Combining Distributed DataParallel with Distributed RPC Framework
Created On: Jul 28, 2020 | Last Updated: Jun 06, 2023 | Last Verified: Not Verified
Authors: Pritam Damania and Yi Wang
View and edit this tutorial in github.
This tutorial uses a simple example to demonstrate how you can combine DistributedDataParallel (DDP) with the Distributed RPC framework to combine distributed data parallelism with distributed model parallelism to train a simple model. Source code of the example can be found here.
Previous tutorials, Getting Started With Distributed Data Parallel and Getting Started with Distributed RPC Framework, described how to perform distributed data parallel and distributed model parallel training respectively. Although, there are several training paradigms where you might want to combine these two techniques. For example:
If we have a model with a sparse part (large embedding table) and a dense part (FC layers), we might want to put the embedding table on a parameter server and replicate the FC layer across multiple trainers using DistributedDataParallel. The Distributed RPC framework can be used to perform embedding lookups on the parameter server.
Enable hybrid parallelism as described in the PipeDream paper. We can use the Distributed RPC framework to pipeline stages of the model across multiple workers and replicate each stage (if needed) using DistributedDataParallel.

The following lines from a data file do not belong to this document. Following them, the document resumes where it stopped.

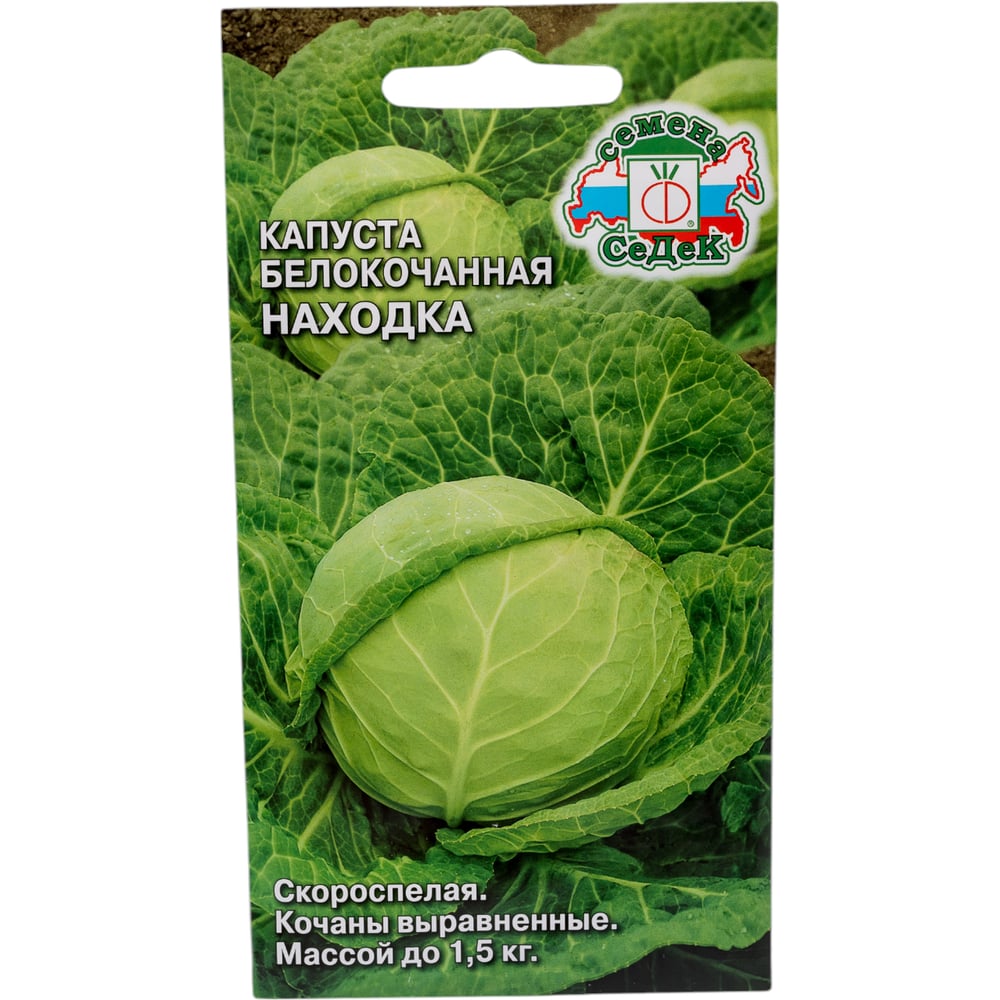 Капуста СеДек Находка белокочанная, скороспелая, округлая, 1-1.5 кг, евро, 1 16112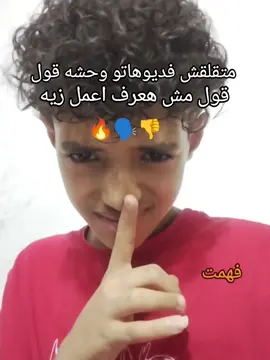 وصلت 😂😍#عمر_مضايق_جدا #الريتش_في_زمه_الله💔😣 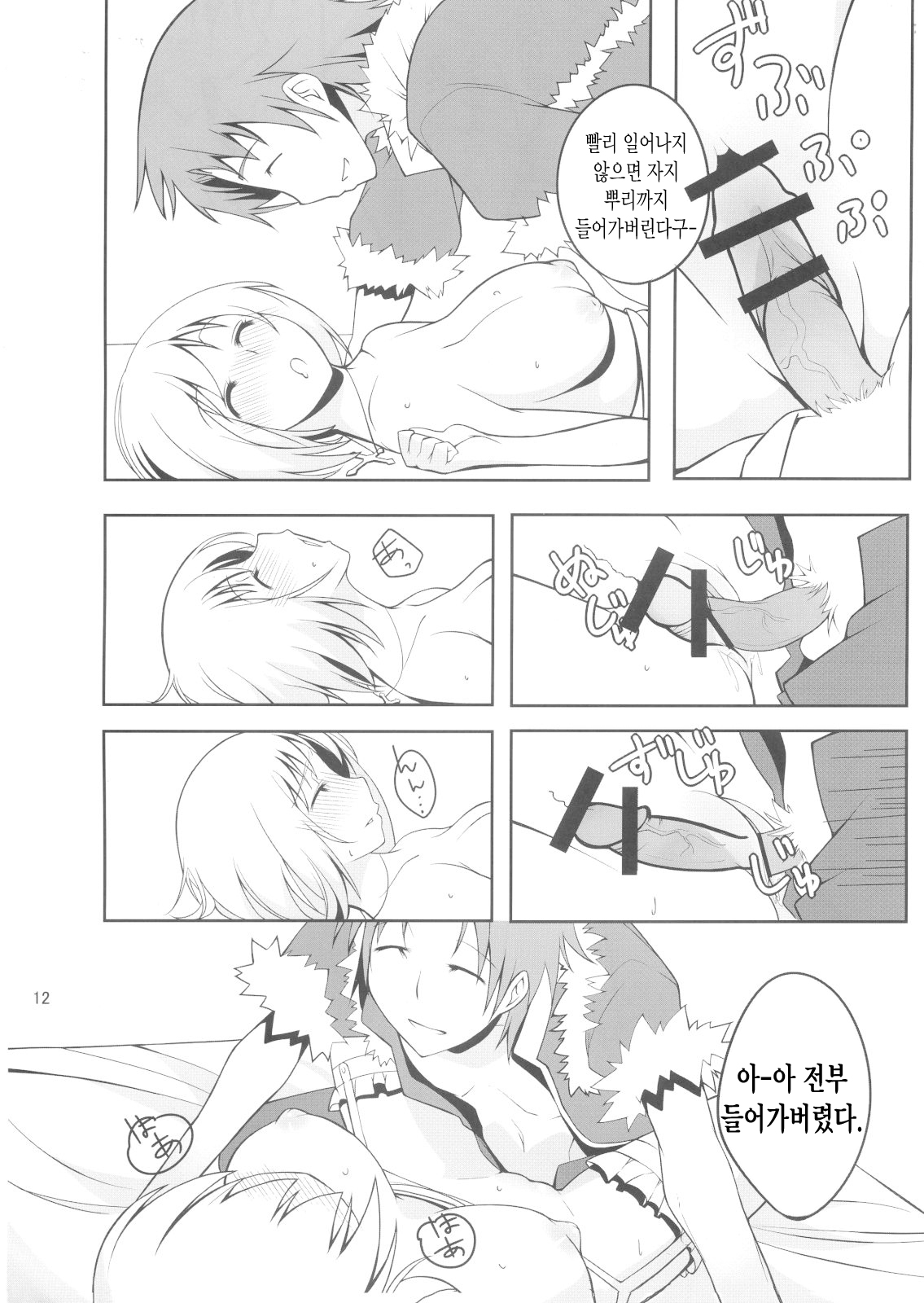 HiPri-san ni ** Suru Hon page 11 full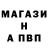 Марихуана VHQ CROCODILE 21VEK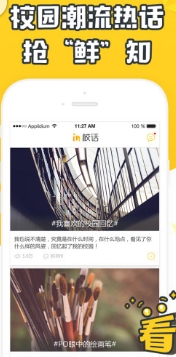 in校话app界面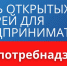 Единый день «открытых дверей» для предпринимателей - Бавлинский муниципальный район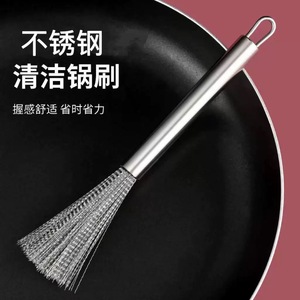 Éponge à récurer les casseroles en acier inoxydable à long manche, un outil de nettoyage pour la cuisine domestique ou en cantine, n'abîme pas les casseroles, facile à nettoyer, et - Product Image 4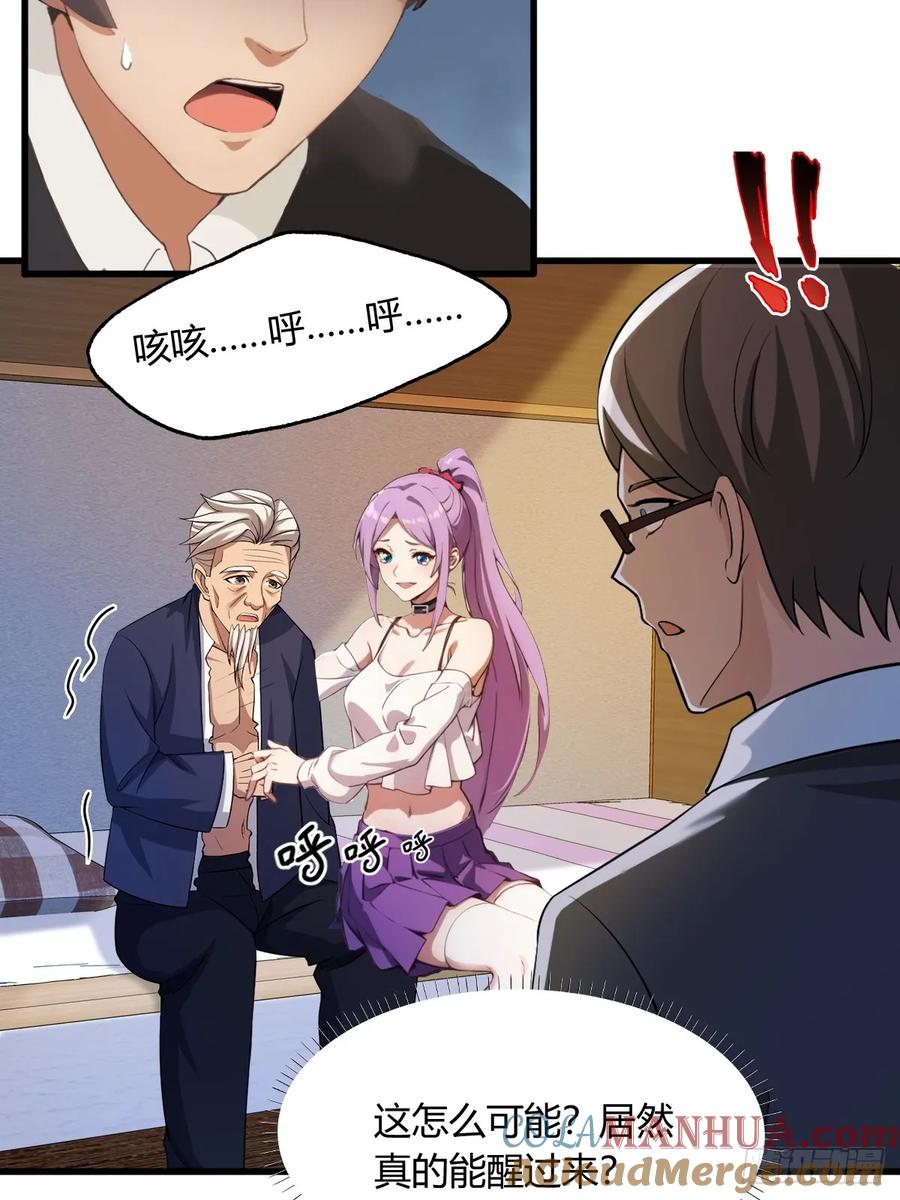 你什么档次敢在我七个师姐面前装 - 第3话 针到病除 - 第37张图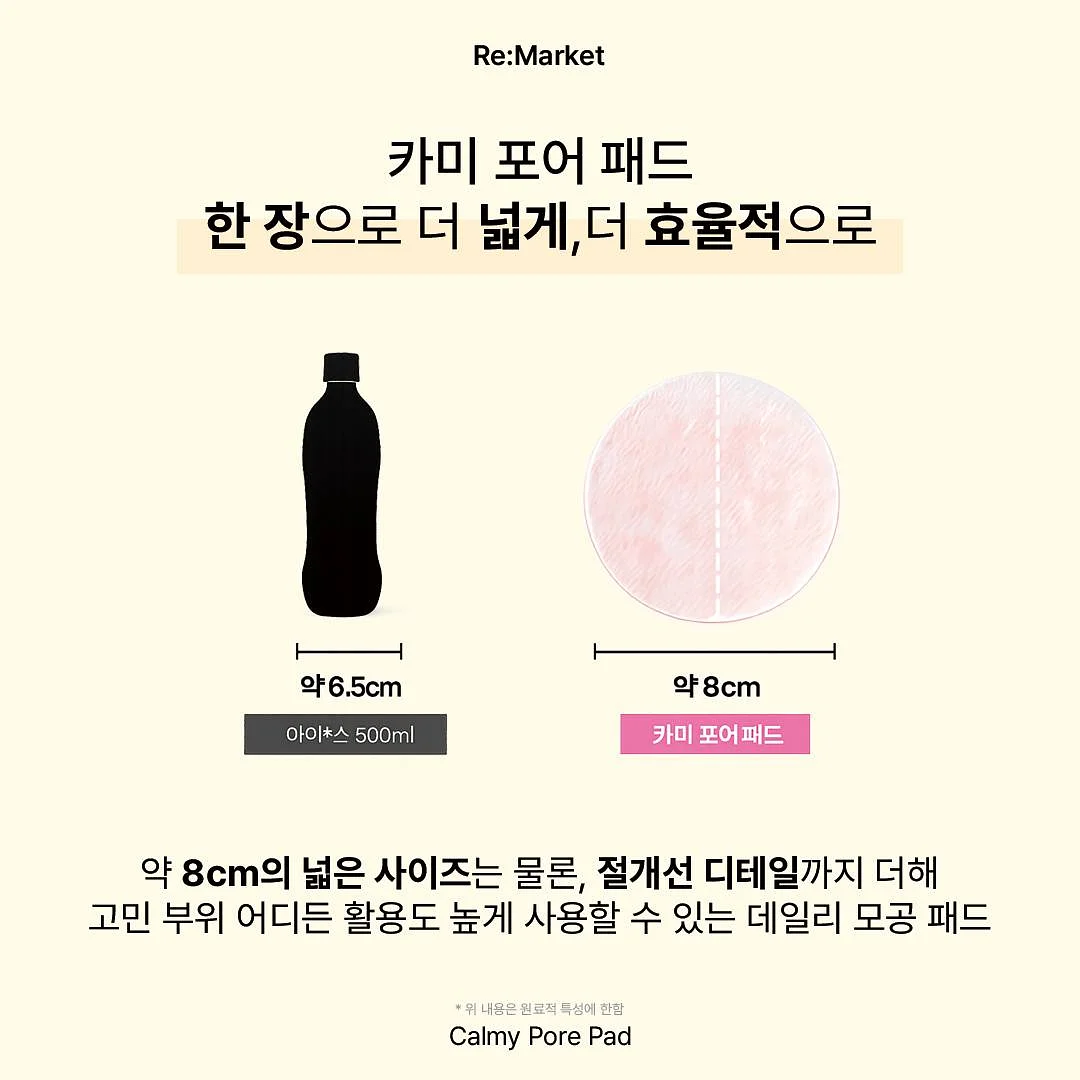 포켓몬카드 마그넷키트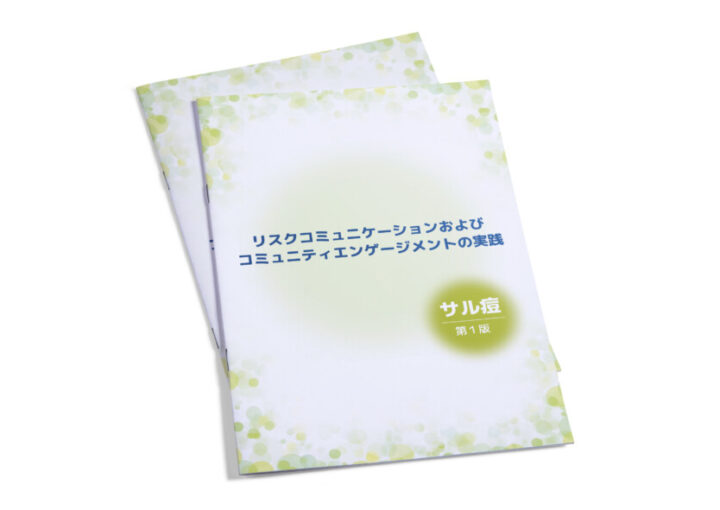 保健所向けパンフレットデザイン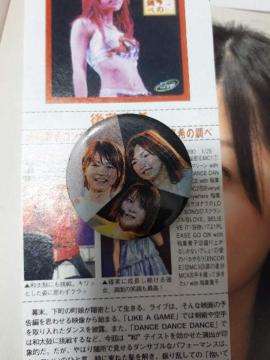 �v�b�`���j�ʃo�b�`(^^)d�B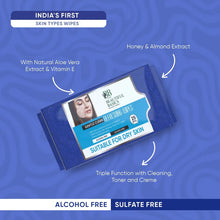 Alcohol-Free Facial Cleansing Wipes (25 Pc)
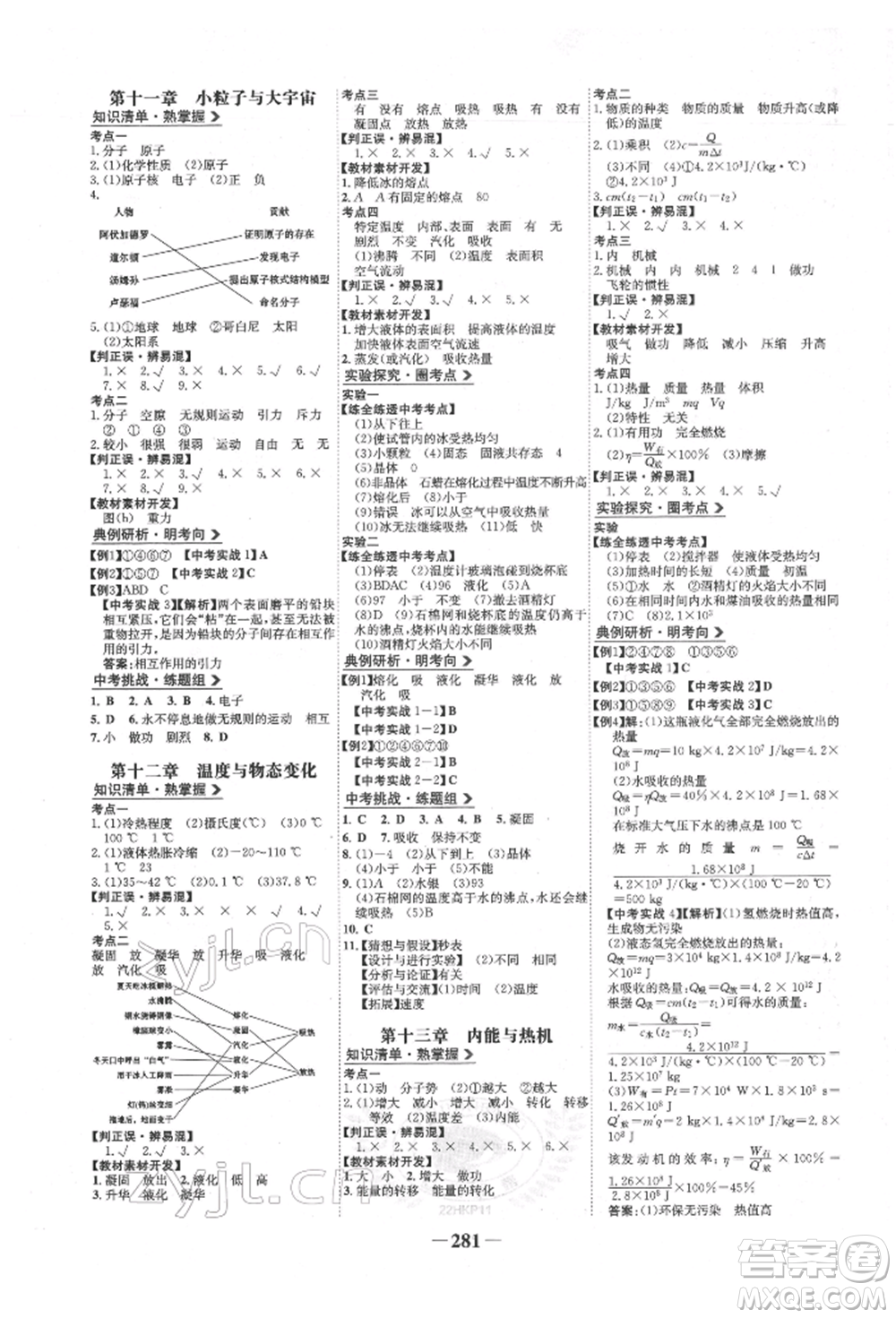 未來出版社2022世紀金榜初中全程復(fù)習方略物理滬科版參考答案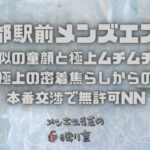 【京都駅メンズエステ】菊地◯美似の童顔と極上ムチムチボディ！極上の密着焦らしからの本番交渉で無許可でNN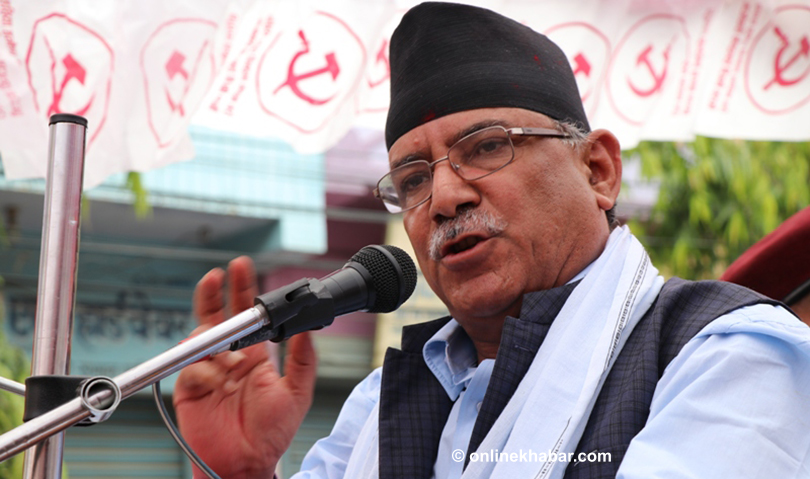 प्रचण्डले भने- म गद्दार भैसकेको रहेनछु !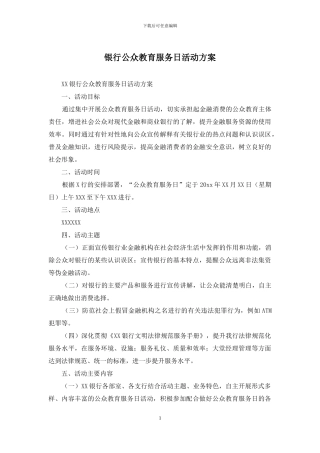 银行公众教育服务日活动方案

In this tutorial we will cover case 1 mentioned above. We have a total of 4 workers in our setup as follows:
1 Master, which is responsible for creating an embedding table (nn.EmbeddingBag) on the parameter server. The master also drives the training loop on the two trainers.
1 Parameter Server, which basically holds the embedding table in memory and responds to RPCs from the Master and Trainers.
2 Trainers, which store an FC layer (nn.Linear) which is replicated amongst themselves using DistributedDataParallel. The trainers are also responsible for executing the forward pass, backward pass and optimizer step.
The entire training process is executed as follows:
The master creates a RemoteModule that holds an embedding table on the Parameter Server.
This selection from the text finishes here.